More specifically, Canada has been much stricter about limiting banks’ leverage, the extent to which they can rely on borrowed funds. It has also limited the process of securitization, in which banks package and resell claims on their loans outstanding — a process that was supposed to help banks reduce their risk by spreading it, but has turned out in practice to be a way for banks to make ever-bigger wagers with other people’s money.

There’s no question that in recent years these restrictions meant fewer opportunities for bankers to come up with clever ideas than would have been available if Canada had emulated America’s deregulatory zeal. But that, it turns out, was all to the good.

So what are the chances that the United States will learn from Canada’s success?
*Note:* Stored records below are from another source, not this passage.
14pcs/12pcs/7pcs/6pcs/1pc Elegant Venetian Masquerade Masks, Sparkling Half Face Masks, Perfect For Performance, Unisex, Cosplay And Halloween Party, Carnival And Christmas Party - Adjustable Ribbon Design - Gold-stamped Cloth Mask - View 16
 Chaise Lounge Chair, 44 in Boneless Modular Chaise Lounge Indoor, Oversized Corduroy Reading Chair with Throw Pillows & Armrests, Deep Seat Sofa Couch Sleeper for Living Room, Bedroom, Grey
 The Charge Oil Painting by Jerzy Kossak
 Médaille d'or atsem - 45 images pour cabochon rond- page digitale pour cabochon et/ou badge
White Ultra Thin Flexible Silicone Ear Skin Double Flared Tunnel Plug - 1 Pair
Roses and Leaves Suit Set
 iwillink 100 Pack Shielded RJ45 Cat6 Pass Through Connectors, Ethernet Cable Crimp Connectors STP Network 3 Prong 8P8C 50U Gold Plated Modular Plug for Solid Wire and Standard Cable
Actually, the financial reform bill that the House of Representatives passed in December would significantly Canadianize the U.S. system. It would create an independent Consumer Financial Protection Agency, it would establish limits on leverage, and it would limit securitization by requiring that lenders hold on to some of their loans.

But prospects for a comparable bill getting the 60 votes now needed to push anything through the Senate are doubtful. Republicans are clearly dead set against any significant financial reform — not a single Republican voted for the House bill — and some Democrats are ambivalent, too.

So there’s a good chance that we’ll do nothing, or nothing much, to prevent future banking crises. But it won’t be because we don’t know what to do: we’ve got a clear example of how to keep banking safe sitting right next door.